◆ Text-to-region grounding data ◆
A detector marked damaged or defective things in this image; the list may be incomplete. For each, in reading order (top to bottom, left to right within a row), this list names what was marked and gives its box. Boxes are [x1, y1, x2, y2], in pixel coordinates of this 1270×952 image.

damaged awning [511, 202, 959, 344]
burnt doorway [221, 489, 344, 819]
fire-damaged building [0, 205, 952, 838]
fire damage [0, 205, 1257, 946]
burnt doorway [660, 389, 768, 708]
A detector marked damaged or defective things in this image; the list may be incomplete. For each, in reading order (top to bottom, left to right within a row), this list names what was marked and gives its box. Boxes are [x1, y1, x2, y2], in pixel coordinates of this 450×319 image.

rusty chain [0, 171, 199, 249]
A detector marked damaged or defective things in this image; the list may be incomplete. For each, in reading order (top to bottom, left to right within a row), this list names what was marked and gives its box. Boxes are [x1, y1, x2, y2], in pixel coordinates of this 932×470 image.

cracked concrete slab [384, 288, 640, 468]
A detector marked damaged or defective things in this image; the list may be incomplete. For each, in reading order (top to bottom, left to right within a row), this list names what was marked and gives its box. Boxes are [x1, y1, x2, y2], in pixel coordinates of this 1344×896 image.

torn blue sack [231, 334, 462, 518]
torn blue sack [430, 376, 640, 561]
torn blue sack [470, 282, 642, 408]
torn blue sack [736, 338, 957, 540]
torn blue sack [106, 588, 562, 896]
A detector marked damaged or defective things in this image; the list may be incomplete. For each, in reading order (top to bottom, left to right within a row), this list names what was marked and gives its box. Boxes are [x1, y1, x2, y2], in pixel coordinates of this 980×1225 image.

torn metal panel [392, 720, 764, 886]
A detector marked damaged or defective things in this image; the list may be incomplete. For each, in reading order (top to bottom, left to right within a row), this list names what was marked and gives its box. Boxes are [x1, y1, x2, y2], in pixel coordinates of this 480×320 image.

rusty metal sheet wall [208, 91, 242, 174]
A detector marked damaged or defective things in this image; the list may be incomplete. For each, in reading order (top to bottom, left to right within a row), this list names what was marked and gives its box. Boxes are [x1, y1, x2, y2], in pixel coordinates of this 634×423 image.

◆ How to complete this task ◆
What is needed is an exact retyping of every line from the one containing "this 480×320 image." through the final line of the entries, and only those lines.

◆ Answer for this exercise ◆
A detector marked damaged or defective things in this image; the list may be incomplete. For each, in reading order (top to bottom, left to right within a row), this list names what was marked and gives its box. Boxes are [x1, y1, x2, y2], in pixel coordinates of this 480×320 image.

rusty metal sheet wall [208, 91, 242, 174]
A detector marked damaged or defective things in this image; the list may be incomplete. For each, in reading order (top to bottom, left to right within a row), this list names what was marked and gives its box. Boxes are [x1, y1, x2, y2], in pixel coordinates of this 634×423 image.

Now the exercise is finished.